Posted On : 2013-01-22 21:31:22( TIMEZONE : IST )

HUL - 3QFY2013 Result Review - Angel Broking

HUL (CMP: Rs.482 / TP: - / Upside: -)

HUL has delivered a disappointing set of numbers for 3QFY2013. 5% underlying volume growth for domestic consumer business is the lowest in the last three years. Net sales rose by 10.3% yoy to Rs.6,434cr. While the low margin Soaps and Detergents division posted a 20% sales growth, the Personal Products division disappointed with a modest 13% sales growth. OPM fell by 122bp yoy to 13.5%, due to higher input costs and Rs.132cr of higher advertisement and promotion expenses (up 100bp yoy). The bottom-line rose by 15.6% yoy to Rs.871cr, aided largely by the 85.5% increase in other income to Rs.355cr.
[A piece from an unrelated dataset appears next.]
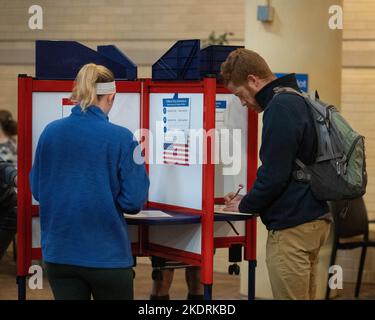 Arlington, USA. 8th Nov, 2022. Voters fill in their ballots during the U.S. midterm elections at a polling station in Arlington, Virginia, the United States, Nov. 8, 2022. Concerned voters across the United States are going to the polls to cast their ballots in the 2022 midterm elections on Tuesday amid heightened partisanship and divide. Credit: Liu Jie/Xinhua/Alamy Live News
The Board of Directors of the company has approved an incremental royalty payment of 1.75% of turnover payable to the parent group Unilever. Currently the company pays 1.4% of turnover as royalty, which will be increased to 3.15% based on a new agreement which would be effective from February 1, 2013.The royalty would be increased in a phased manner from February 2013 till March 31, 2018. For the period February 1, 2013 to March 31, 2014 the additional impact would be 0.5% of turnover. We expect the increase in royalty to have an impact of Rs.0.5/share on FY2014E EPS. We maintain our Neutral view on the stock.